Der bewusst initiierte flächendeckende Abbau der Weiterbildung für Erwerbslose ist nur ein Ausdruck dieser Strategie. Und damit es jeder begreift, wurde das Damoklesschwert Hartz IV entwickelt. Auch hier tickt bereits die Uhr. Die Pläne zur Einführung eines Kombilohns haben als ein wesentliches Ziel die Absenkung der so genannten – nicht auskömmlichen – Grundsicherung im Visier.
Wem dies zu allgemein ist, der kann noch mal die einzelnen Instrumentarien der Hartz-Vorschläge Revue passieren lassen und sie daraufhin untersuchen, welche zu mehr Beschäftigung geführt haben. Er wird nichts finden außer Leistungsbeschneidungen, Verdrängungseffekte, Repression. Und alle Fördermechanismen, etwa für Ältere, blieben wirkungslos, wie jüngst das Institut für Arbeit und Technik belegte. Diesen Umstand jedoch nimmt der Arbeitsminister Franz Müntefering (SPD) schlicht nicht zur Kenntnis. Selbst die viel gerühmten Ich-AGs sind nur Resultat der sinkenden Anzahl sozialversicherungspflichtiger Beschäftigung und in vielen Fällen zeitlich begrenzte Scheinselbstständigkeiten vor erneuter offizieller Erwerbslosigkeit.
Das Filetstück der Hartz-Reform war die Vermittlung von 750.000 Erwerbslosen – meist mit geringer Qualifikation – in Arbeit über Personalservice-Agenturen (PSA). Man ahnte es damals schon, dass es sich um Scharlatanerie handelte, aber man musste es ja versuchen. Ergebnis: null.

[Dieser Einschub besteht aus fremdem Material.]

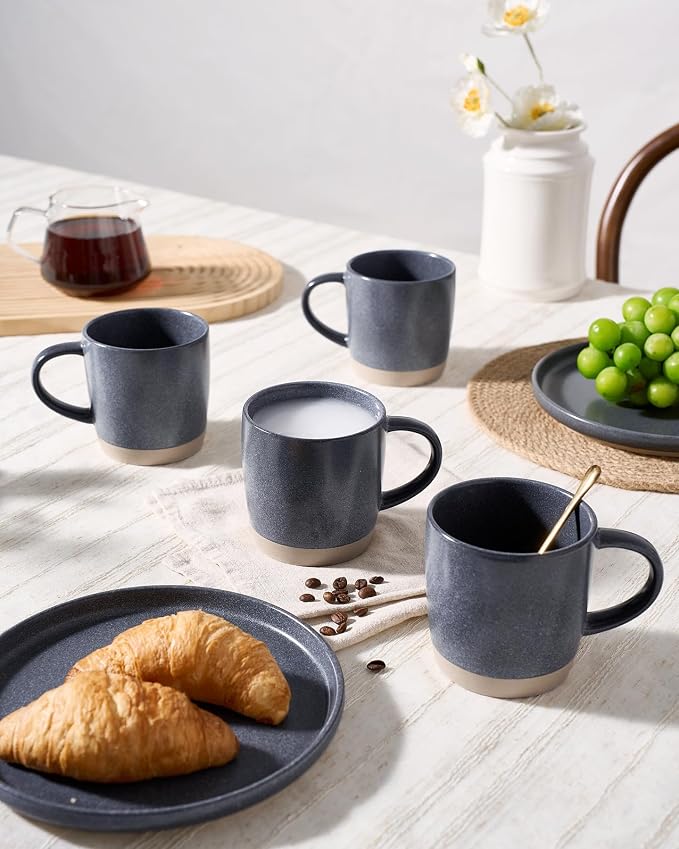 famiware Coffee Mugs Set of 4, Milkyway 13 oz Mug Set, Ceramic Cup Set with Handle for Coffee, Tea, Cocoa, Milk, Matte White + Matte Dark Charcoal (Pack of 2) - Image 7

Seriöse Fachleute warnten vor Illusionen. Was der Markt nicht mehr braucht, nimmt er auch nicht, auch nicht über staatlich geförderte Strukturen und offizielle Ansage. Auch nicht verbilligt und mit angebotenen Mitnahmeeffekten – finanziert über heutige Erwerbslose, die dafür lange eingezahlt haben und denen man die erworbene Versicherungsleistung klaut.
Warum Vertreter von Unternehmensverbänden und Marktradikale aller politischen Couleur eine staatlich subventionierte Strategie predigen, die der Markt längst abgelehnt hat, sollte einem zum Nachdenken bringen. Hartz selbst hat nur eine Idee verlängert, die ihm als Coup in Wolfsburg geglückt war. Dort hatte man eine PSA mit staatlicher Unterstützung gegründet, um real nachgefragte Arbeitskräfte für VW billiger besorgen zu können. Und das hat geklappt, weil es eine reale Nachfrage gab, was gesamtgesellschaftlich bekanntermaßen nicht der Fall war und ist.
War Hartz ein Spinner oder ein genauso provinzieller Voluntarist wie Schröder? Wohl kaum. Es ging darum, die Kosten der Arbeit zu senken, indem man Arbeitslose wie Beschäftigte unter Druck setzt. Das ist gelungen – so viel muss man konstatieren. Wer diese Strategie vor den Wahlen im Herbst 2002 noch nicht begriffen hatte, der musste spätestens mit der Ankündigung der Agenda 2010 doch erkennen, dass die Hartz-Reformen nur der Anfang vom Abbau der sozialen Sicherungssysteme waren und strukturell eine arbeitnehmerfeindliche Politik. Rollt der Ball einmal, läuft er immer weiter.
Als arbeitsmarktpolitische Strategie im herkömmlichen Sinne waren die Hartz-Reformen ein gigantisches Täuschungsmanöver. Und wer sich richtig verblöden lassen möchte, der diskutiert jetzt noch mal ernsthaft, warum die Hartz-Reformen leider nicht die erhoffte Wirkung zur Bekämpfung der Arbeitslosigkeit gebracht haben.